Per quanto riguarda i metodi di conservazione delle carni di maiale, le fasi della salatura, del condimento e dell’asciugatura degli insaccati,  non può non essere lodata un’altra prelibatezza, orgoglio abruzzese: la ventricina.

Viene presa la carne dei lombi, mista a pezzi di grasso accuratamente scelti; Questa viene tagliata a pezzetti, salata ed insaporita con peperone dolce e peperoncino piccante. Tutta la massa, ben lavorata da mani esperte, viene tenuta, per una notte, ad insaporire in grossi tegami di creta, in un luogo fresco ed asciutto. Il giorno successivo viene insaccato a mano nel budello della vescica pulito, lavato e “curato” cioè,  tenuto in acqua con bucce di arancio e foglie di alloro, asciugato e cucito in diversi sacchetti. Una volta insaccata e trascorsi circa quaranta -cinquanta giorni, si esegue una spalmatura leggera, esterna all’insaccato, con lo strutto che veniva utilizzato per limitare il calo di peso del prodotto nel periodo successivo.

A macellazione conclusa, parenti, compari e vicini, che hanno partecipato all’impegnativo rito, si siedono al banchetto, mangiano, cantano, ballano e brindano all’abbondanza delle provviste offerte dal maiale.

Benché l’allevamento dei suini nelle campagne venne praticato fino agli anni Cinquanta o Sessanta del secolo scorso dato che, successivamente, si passò agli allevamenti industriali, ancora oggi ci sono famiglie che mantengono l’usanza di allevare il maiale nei propri terreni e di ucciderlo, secondo i metodi tradizionali, con l’obiettivo di tenere una parte per loro e l’altra da destinare alla vendita; famiglie che amano e desiderano sapere cosa mangiare e lo fanno con molta passione, cura per i dettagli e gesti sapienti che solo la tradizione è in grado di trasmettere e conservare.

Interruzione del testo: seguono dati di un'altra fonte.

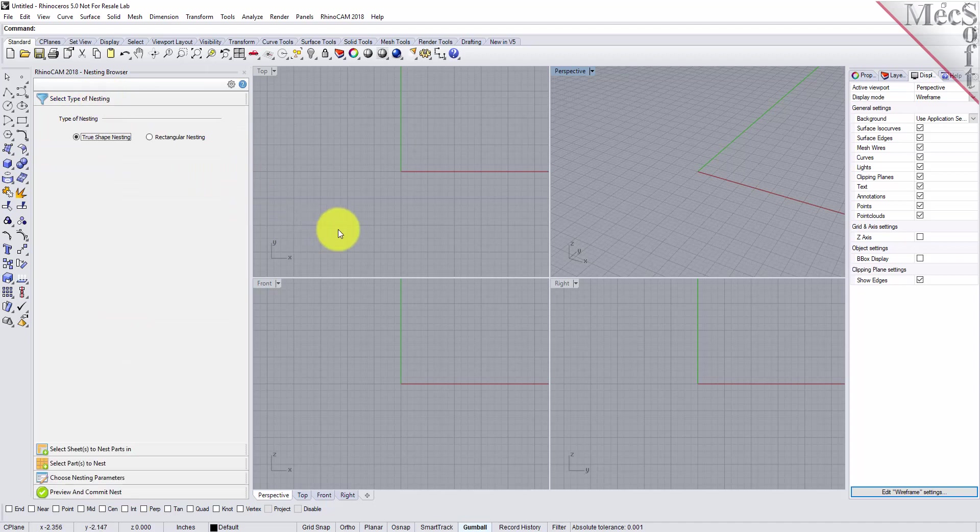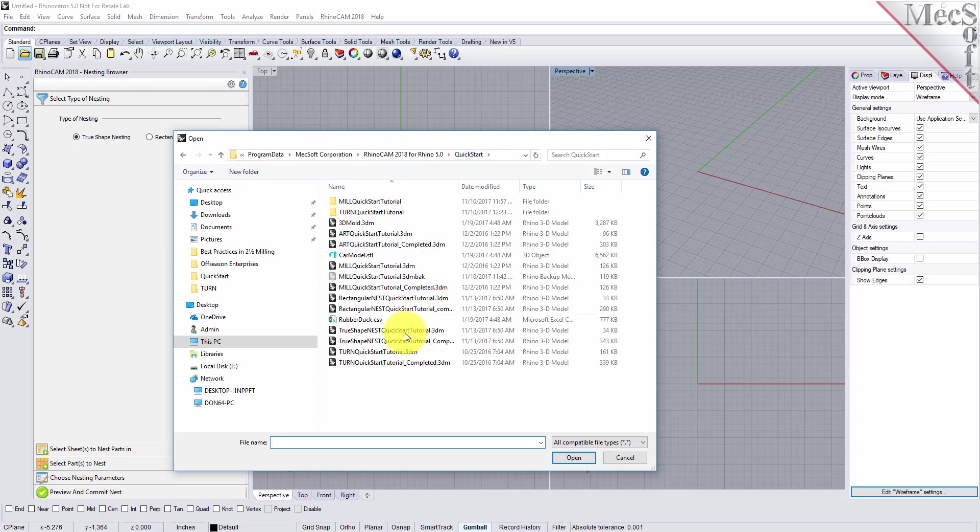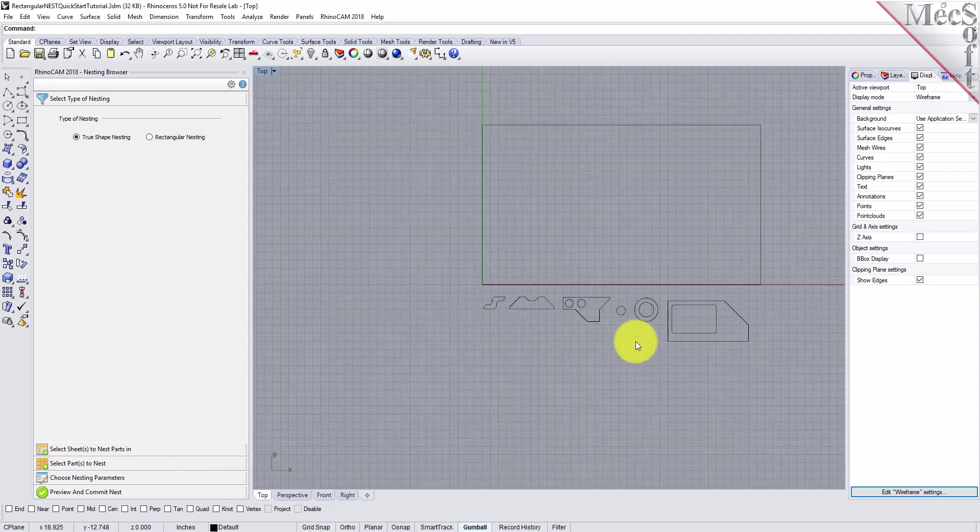Now, let's load the part file containing the geometry for nesting. From the Rhino standard toolbar, select the file open folder icon. Locate the RhinoCam quick start folder shown here. Then, select the RhinoCam part file named Rectangular Nest Quick Start Tutorial and pick Open.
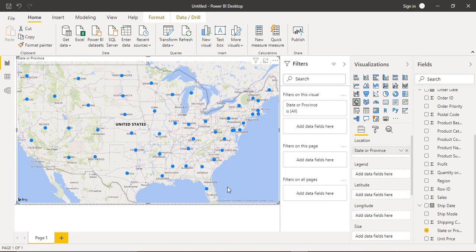Hello everyone, welcome back to the Power BI tutorial. In this video we will be seeing how we can create a map along with a pie chart in Power BI. In the previous videos we already learned how to create a simple map or a filled map to show data, but in this video we are going to take a step further and combine the features of a map with a pie chart.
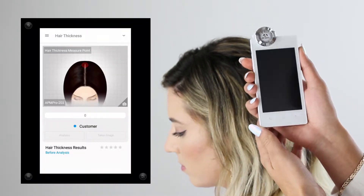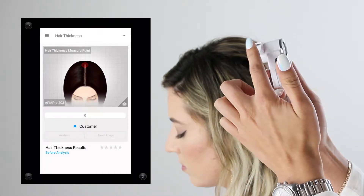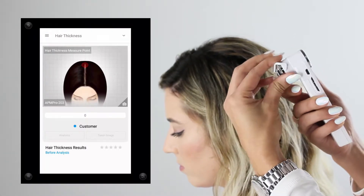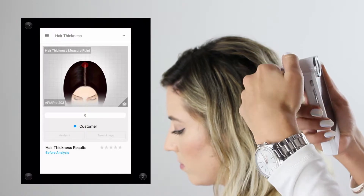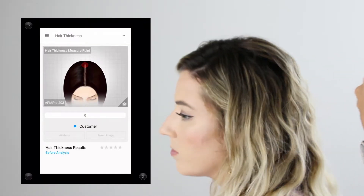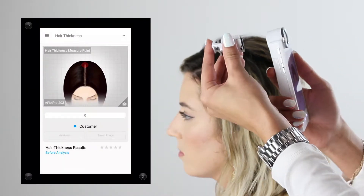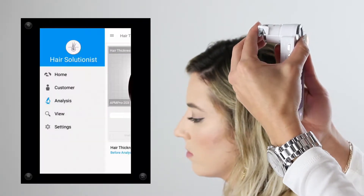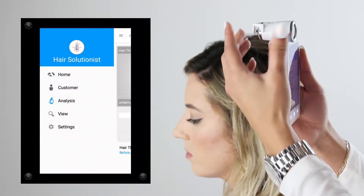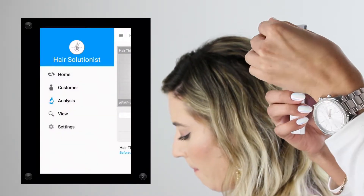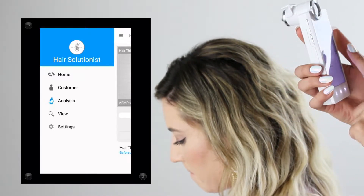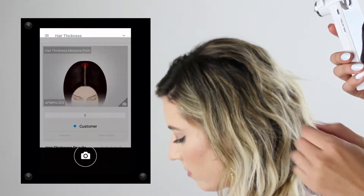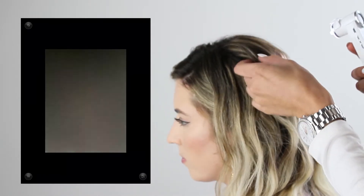To change the lens, press the gray button on the back and it'll pop out so you can switch lenses properly without breaking anything. To put on the new lens, make sure it's facing upright with APM 203 facing towards the ceiling, press the gray button in, and slide the lens in.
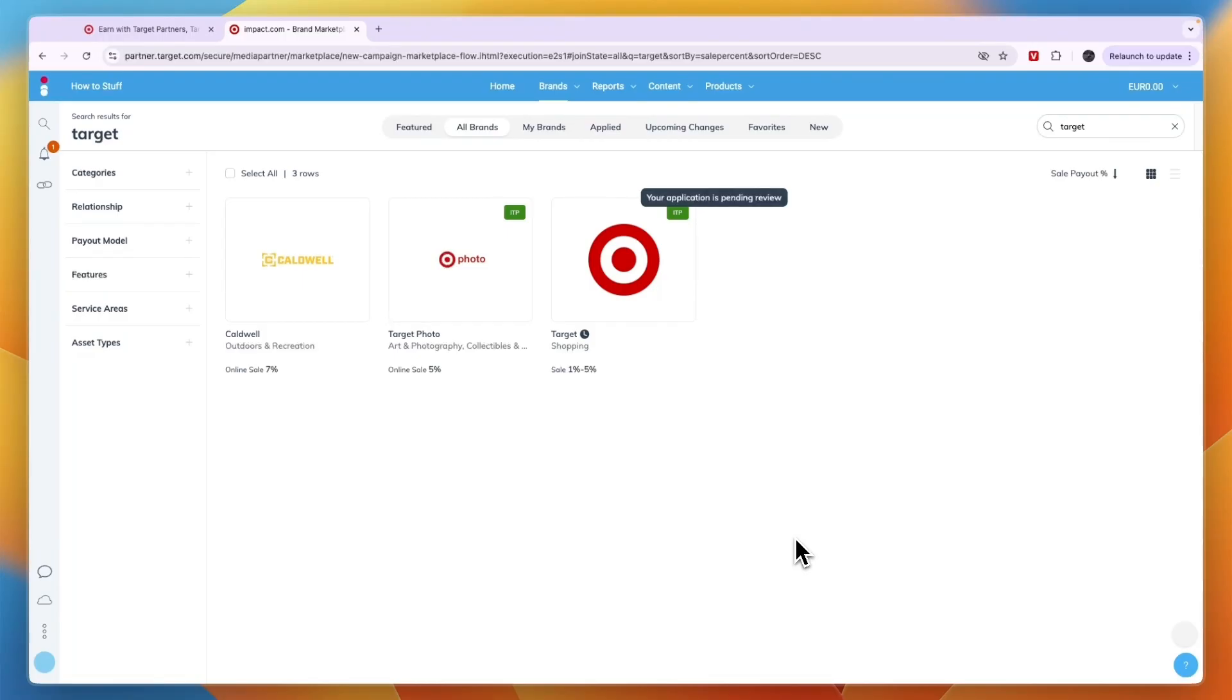All you need to do is wait for them to approve you. So now you know how to sign up for the Target affiliate program. If this video was helpful please consider leaving a like and subscribing to my channel. With that being said, I will see you in the next video.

È questa, dunque, una tradizione che va difesa e tutelata; innanzitutto per la genuinità della carne ma anche per vivere un momento di condivisione unico che da modo di “staccare” dalla frenesia della quotidianità per riunire attorno alla stessa tavola parenti e amici. È importante che questa, come altre usanze non vadano semplicemente ricordate e raccontate, bensì vissute perché, come affermava un’illustre studioso francese: “la tradizione non consiste nel conservare le ceneri ma nel mantenere viva la fiamma”.